星之一角: Rails with threaded and multi-process server on Heroku

We have been using this setup for a while now, and I'm asked to write a
document for this. I think instead I'll simply write here as a blog post,
so that I could forward to anyone outside the company if I want to
share this setup.

You could also read my other mails which I sent to Heroku:
2238. 04-08 Regarding the recommended Ruby app server
2240. 04-13 Re: Regarding the recommended Ruby app server

A few points I want to make:

* We want requests and responses fully buffered. Heroku didn't do this.

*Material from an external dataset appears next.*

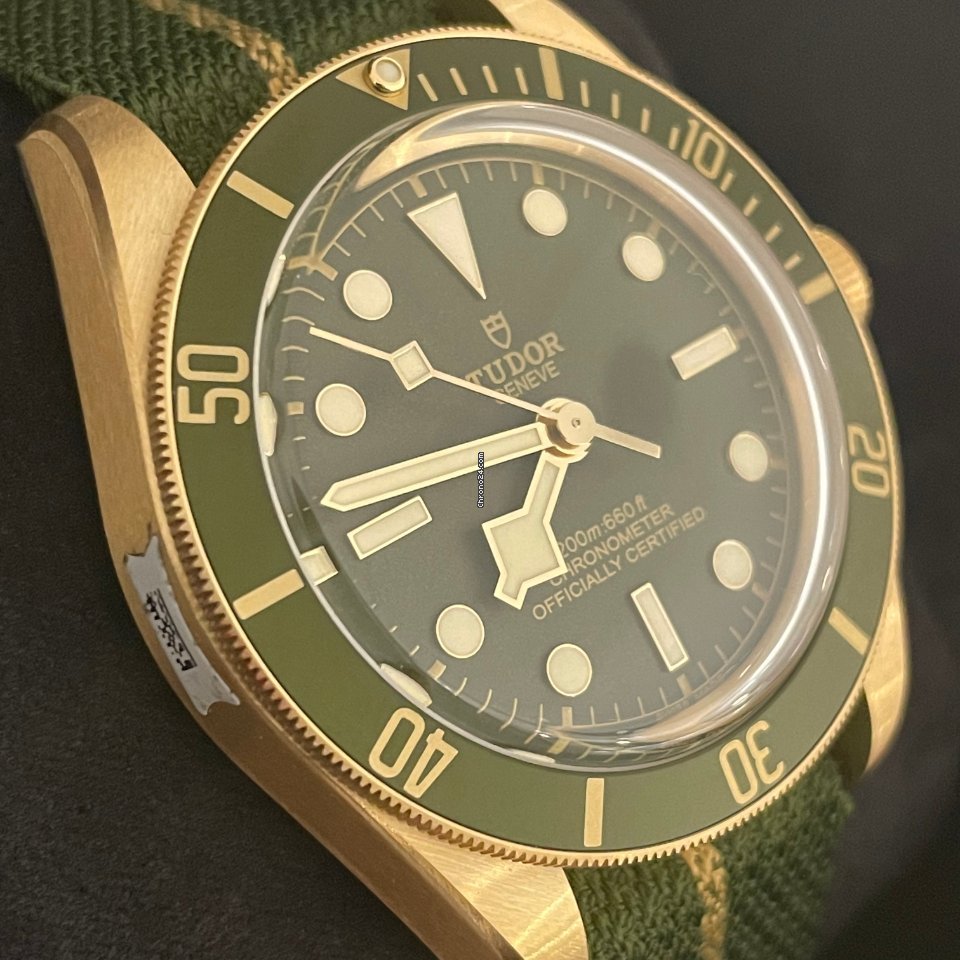 IMG_9081 Tudor Black Bay Fifty-Eight Mens watch Unisex Automatic Yellow gold M79018V Replica 4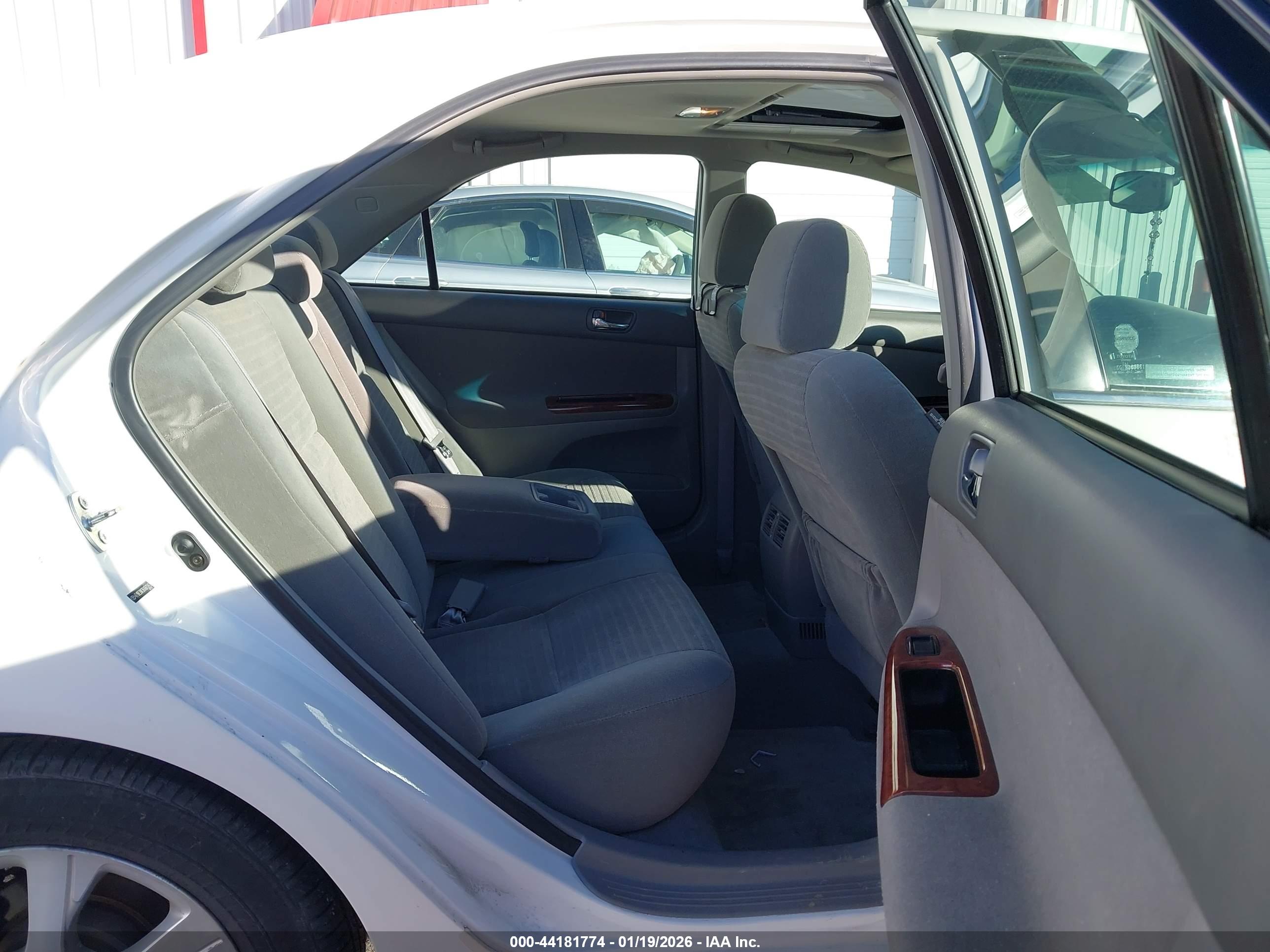 TOYOTA CAMRY image 8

* We want multi-threads to reduce memory usage comparing to multi-processes,
saving us some (might be a lot) money.

* If memories aren't an issue, we would also like multi-processes in order
to utilize CPU resources on a Ruby VM which has GVL. Or, since Rainbows!
seems much more tested than Zbatery, using Rainbows! is still better than
using Zbatery.

* There's no easy way to setup custom database.yml on Heroku, so we'll need
some hacks for it. Heroku's document is a bit wrong. I'll cover this later.

* We might be running out of Postgres connections soon, using PgBouncer
could probably help. We're not yet using this because it's experimental on
Heroku, but we might need it later as we scale.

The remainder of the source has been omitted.